Introduction
JSON-LD (JSON for Linked Data) is a W3C standard for expressing linked data in JSON. It extends JSON with a @context mechanism that maps document terms to IRIs, enabling machine-readable, interoperable data on the web.
Stencila supports JSON-LD for storing and transferring documents with high interoperability, particularly for integration with semantic web tools and schema.org consumers.
Usage
Use the .jsonld file extension, or the --to jsonld or --from jsonld options, when converting to/from JSON-LD e.g.
stencila convert doc.smd doc.jsonld
By default, the encoded JSON-LD is indented. The --compact option can be used to produce un-indented, single line JSON-LD.
Implementation
Stencila Schema is based on schema.org and has a JSON-LD @context published at https://stencila.org/context.jsonld. When Stencila documents are exported as JSON, this context is applied. As such, the JSON documents that Stencila produces are inherently JSON-LD documents.
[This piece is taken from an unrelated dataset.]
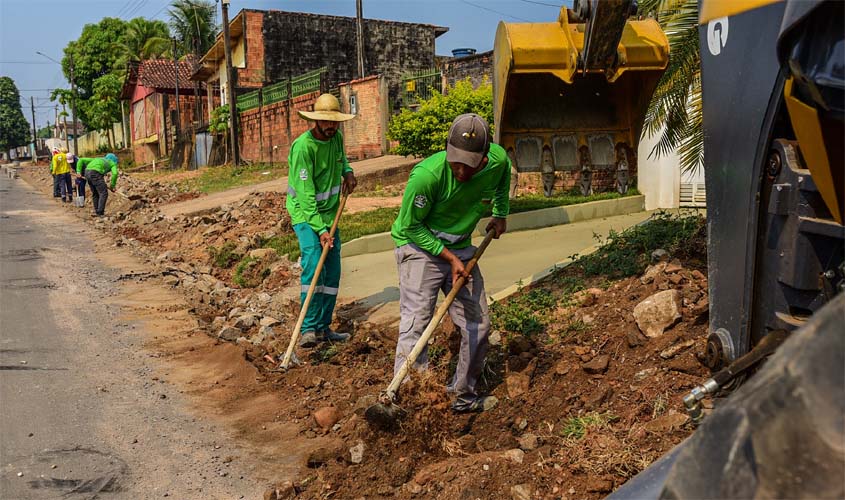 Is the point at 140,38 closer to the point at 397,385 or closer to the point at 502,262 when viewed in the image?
the point at 502,262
For example, an Article is exported like so:
{
"$schema": "https://stencila.org/Article.schema.json",
"@context": "https://stencila.org/context.jsonld",
"type": "Article",
"content": [
{
"type": "Paragraph",
"content": [
{
"type": "Text",
However, because schema.org is the most widely used vocabulary for JSON-LD, the JsonLdCodec translates terms in the Stencila context to those in the schema.org context, using schema.org as the default vocabulary with the Stencila context as an extension. This saves consumers of the JSON-LD from having to do this translation themselves.
In addition, when exporting to JSON-LD, the @type and @id keywords are used instead of type and id.
For example, the above article is exported to JSON-LD as follows. Note that because the types Article and Text are part of schema.org, there is no need to prefix their name. However, because schema.org does not have a Paragraph type or a content property, it is necessary to prefix those with stencila:.
{
"@context": {
"@vocab": "https://schema.org/",
"stencila": "https://stencila.org/"
},
"@type": "Article",
"stencila:content": [
{
"@type": "stencila:Paragraph",
"stencila:content": [
{
"@type": "Text",
Limitations
Stencila node types that do not have schema.org equivalents must be prefixed with stencila:, which may reduce interoperability with generic schema.org consumers.
JSON-LD processing (expansion, compaction, framing) is not performed during import; the codec expects Stencila-compatible JSON-LD structure.